Gemäß Art. 131 Abs. 2 B-VG erkennt das BVwG über Beschwerden gemäß Art. 130 Abs. 1 in Rechtssachen in den Angelegenheiten der Vollziehung des Bundes, die unmittelbar von Bundesbehörden besorgt werden.

Gemäß Art. 132 Abs. 1 Z. 1 B-VG kann gegen einen Bescheid einer Verwaltungsbehörde wegen Rechtswidrigkeit Beschwerde erheben, wer durch den Bescheid in seinen Rechten verletzt zu sein behauptet.

Gemäß Art. 135 Abs. 1 B-VG iVm § 6 des Bundesverwaltungsgerichtsgesetzes (BVwGG) idF BGBl I 10/2013 entscheidet das Bundesverwaltungsgericht durch Einzelrichter, sofern nicht in Bundes- oder Landesgesetzen die Entscheidung durch Senate vorgesehen ist.

Das Verfahren der Verwaltungsgerichte mit Ausnahme des Bundesfinanzgerichts ist durch das Bundesgesetz über das Verfahren der Verwaltungsgerichte (Verwaltungsgerichtsverfahrensgesetz – VwGVG), BGBl. I 33/2013 idF BGBl I 122/2013, geregelt (§ 1 leg.cit.). Gemäß § 58 Abs 2 VwGVG bleiben entgegenstehende Bestimmungen, die zum Zeitpunkt des Inkrafttretens dieses Bundesgesetzes bereits kundgemacht wurden, in Kraft.

Gemäß § 17 VwGVG sind, soweit in diesem Bundesgesetz nicht anderes bestimmt ist, auf das Verfahren über Beschwerden gemäß Art. 130 Abs. 1 B-VG die Bestimmungen des AVG mit Ausnahme der §§ 1 bis 5 sowie des IV. Teiles, die Bestimmungen der Bundesabgabenordnung – BAO, BGBl. Nr. 194/1961, des Agrarverfahrensgesetzes – AgrVG, BGBl. Nr. 173/1950, und des Dienstrechtsverfahrensgesetzes 1984 – DVG, BGBl.

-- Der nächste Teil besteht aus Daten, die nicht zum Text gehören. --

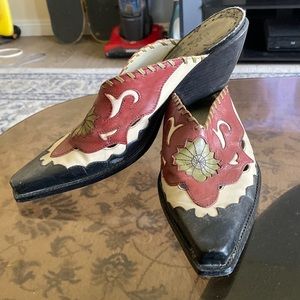 BCBGgirls vintage western mule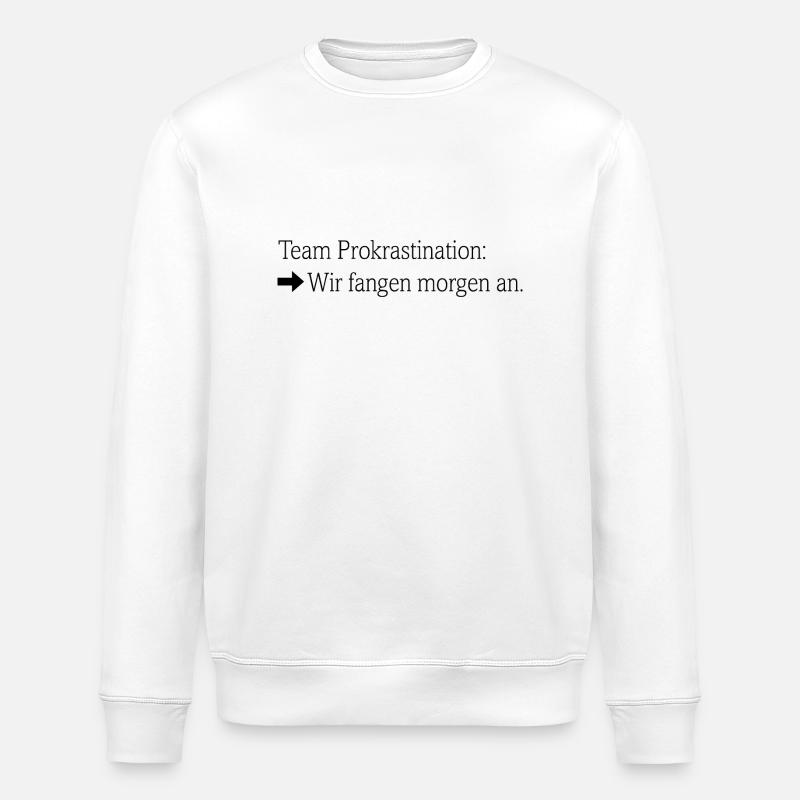 Team Prokrastination - Stanley/Stella Unisex Bio-Sweatshirt ROLLER - Weiß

Nr. 29/1984, und im Übrigen jene verfahrensrechtlichen Bestimmungen in Bundes- oder Landesgesetzen sinngemäß anzuwenden, die die Behörde in dem dem Verfahren vor dem Verwaltungsgericht vorangegangenen Verfahren angewendet hat oder anzuwenden gehabt hätte.

Gemäß § 27 VwGVG hat das Verwaltungsgericht, soweit es nicht Rechtswidrigkeit wegen Unzuständigkeit der Behörde gegeben findet, den angefochtenen Bescheid, die angefochtene Ausübung unmittelbarer verwaltungsbehördlicher Befehls- und Zwangsgewalt und die angefochtene Weisung auf Grund der Beschwerde (§ 9 Abs. 1 Z 3 und 4) oder auf Grund der Erklärung über den Umfang der Anfechtung (§ 9 Abs. 3) zu überprüfen.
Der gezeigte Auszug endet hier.